On November 28, 2023, Kane signed a one-year, $2.75 million contract with the Detroit Red Wings. Kane considered Detroit as one of his preferred destinations upon becoming a free agent. He remarked on the signing, "Throughout the whole process, I felt like Detroit was always there. It was always in the back of my mind, kind of in my heart as well, to come join this team." His decision was also influenced by the opportunity to reunite with former Chicago Blackhawks teammate Alex DeBrincat.

Kane made his 2023 debut on December 7. He scored his first goal with the Red Wings in his second game of the season, against the Ottawa Senators. He enjoyed a six-game point streak in late December, where he tallied five goals and six assists. Kane sustained a lower-body injury on January 14, 2024, that caused him to miss seven games.

On February 25, Kane made his return to Chicago and played his first game against the Chicago Blackhawks since being traded a year prior. In overtime, he scored the game-winning goal on a breakaway and received a standing ovation from the fans at the United Center. Kane concluded the season with 20 goals and 27 assists in 50 games as the Red Wings missed the playoffs. He ranked fourth on the team in goals while his 47 points ranked sixth on the team. He also led the team with three overtime goals and seven game-winning goals. Red Wings general manager Steve Yzerman commended Kane's contributions to the team, stating "He's like a wizard with the puck -- his skill, his sense, his calmness in high-pressure situations and in the danger areas. He was great for our team, and I think he brought a lot of what I guess they call swag."
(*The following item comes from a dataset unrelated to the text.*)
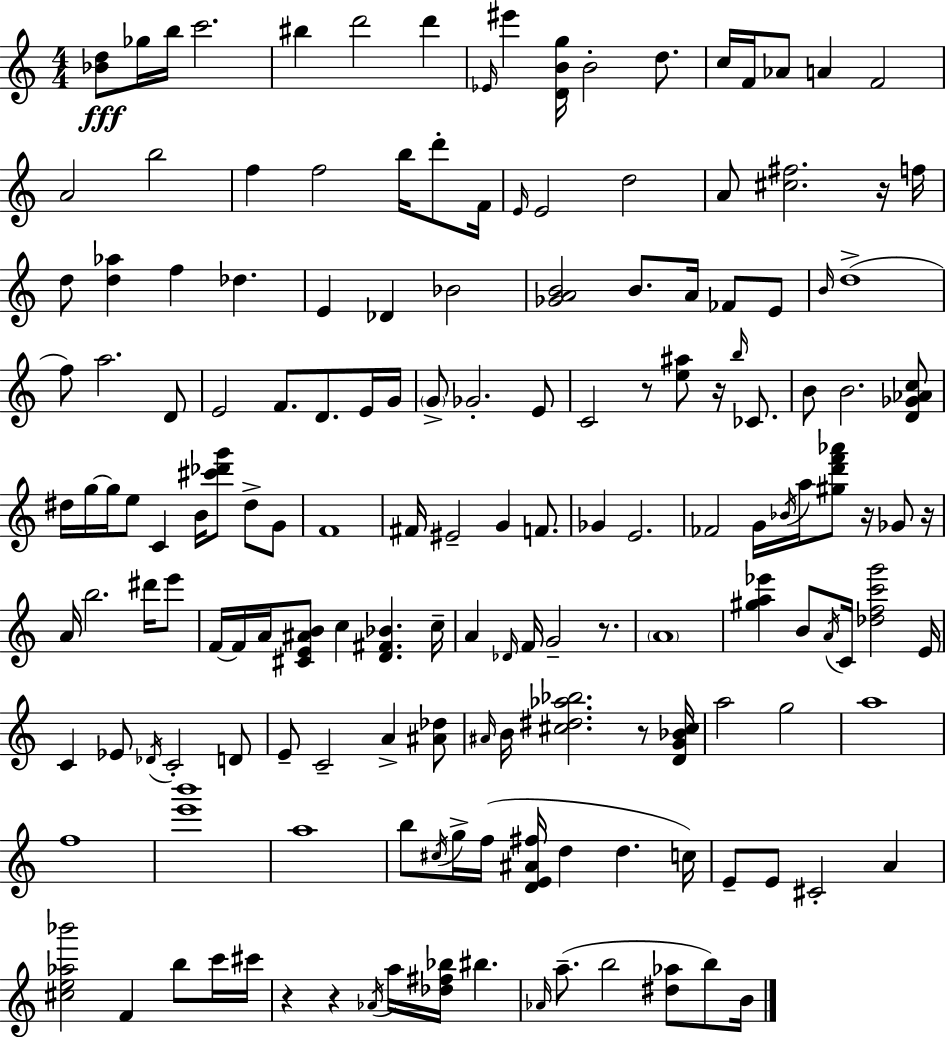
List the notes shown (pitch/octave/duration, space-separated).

[Bb4,D5]/e Gb5/s B5/s C6/h. BIS5/q D6/h D6/q Eb4/s EIS6/q [D4,B4,G5]/s B4/h D5/e. C5/s F4/s Ab4/e A4/q F4/h A4/h B5/h F5/q F5/h B5/s D6/e F4/s E4/s E4/h D5/h A4/e [C#5,F#5]/h. R/s F5/s D5/e [D5,Ab5]/q F5/q Db5/q. E4/q Db4/q Bb4/h [Gb4,A4,B4]/h B4/e. A4/s FES4/e E4/e B4/s D5/w F5/e A5/h. D4/e E4/h F4/e. D4/e. E4/s G4/s G4/e Gb4/h. E4/e C4/h R/e [E5,A#5]/e R/s B5/s CES4/e. B4/e B4/h. [D4,Gb4,Ab4,C5]/e D#5/s G5/s G5/s E5/e C4/q B4/s [C#6,Db6,G6]/e D#5/e G4/e F4/w F#4/s EIS4/h G4/q F4/e. Gb4/q E4/h. FES4/h G4/s Bb4/s A5/s [G#5,D6,F6,Ab6]/e R/s Gb4/e R/s A4/s B5/h. D#6/s E6/e F4/s F4/s A4/s [C#4,E4,A#4,B4]/e C5/q [D4,F#4,Bb4]/q. C5/s A4/q Db4/s F4/s G4/h R/e. A4/w [G#5,A5,Eb6]/q B4/e A4/s C4/s [Db5,F5,C6,G6]/h E4/s C4/q Eb4/e Db4/s C4/h D4/e E4/e C4/h A4/q [A#4,Db5]/e A#4/s B4/s [C#5,D#5,Ab5,Bb5]/h. R/e [D4,G4,Bb4,C#5]/s A5/h G5/h A5/w F5/w [E6,B6]/w A5/w B5/e C#5/s G5/s F5/s [D4,E4,A#4,F#5]/s D5/q D5/q. C5/s E4/e E4/e C#4/h A4/q [C#5,E5,Ab5,Bb6]/h F4/q B5/e C6/s C#6/s R/q R/q Ab4/s A5/s [Db5,F#5,Bb5]/s BIS5/q. Ab4/s A5/e. B5/h [D#5,Ab5]/e B5/e B4/s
On June 30, 2024, Kane signed a one-year contract extension with the Red Wings. On December 29, Kane recorded his 1,300th career point with an assist on an Alex DeBrincat goal in a 4–2 win over the Washington Capitals, becoming the second American-born player and 38th player in league history to hit the mark. He completed the season with 21 goals and 59 points in 72 games for the Red Wings.

On June 30, 2025, Kane signed another one-year contract extension with Detroit. On January 8, 2026, he became the 50th player to score 500 career NHL goals. On January 29, Kane scored his 1,375th career point to become the all-time leading U.S.-born point scorer, surpassing Mike Modano's record. Kane finished his second season in Detroit with 16 goals and 41 assists in 66 games. He expressed interest in returning to the NHL for a 20th season.

====Return to Chicago (2026–present)====
On July 23, 2026, Kane signed a two-year, $16 million contract to return to the Blackhawks. On September 15, 2026, Kane was named an alternate captain of the Blackhawks.

==Player profile==
Kane is regarded as one of the best American-born players of all time. His success is attributed to his vision, accurate shooting, deceptive stick handling, and high hockey IQ. Kane leverages these skills to anticipate how hockey plays will develop and then positions himself to generate offensive opportunities. Pavel Barber commented on Kane's elusiveness, "They call him 'The Waterbug' because he's so good at entering the zone, just weaving, and cutting through and setting up." Kane is also regarded as a "sniper" due to his accurate wrist shot, as well as a playmaker for his passing skills. Kane reflected, "I love scoring for the fans, for the team, for myself. That's not to say that I won't pass if I see a teammate in a better scoring position. But I like to score."

He is an offensive-minded forward. Despite his elite goal scoring and playmaking abilities, Kane has been considered a liability on defense. He practiced generating takeaways and playing defense during his later years in Chicago. Chicago head coach Joel Quenneville, who played in the NHL as a defenseman during his own playing career before coaching, enticed Kane to play more two-way hockey by telling him during the 2015 Stanley Cup Finals, "You're at your best when you have the puck, and we need you to play [defense] if you want to get the puck back from the other team." An analytical model rated Kane as one of the worst defensive players in the NHL during the 2023 off-season.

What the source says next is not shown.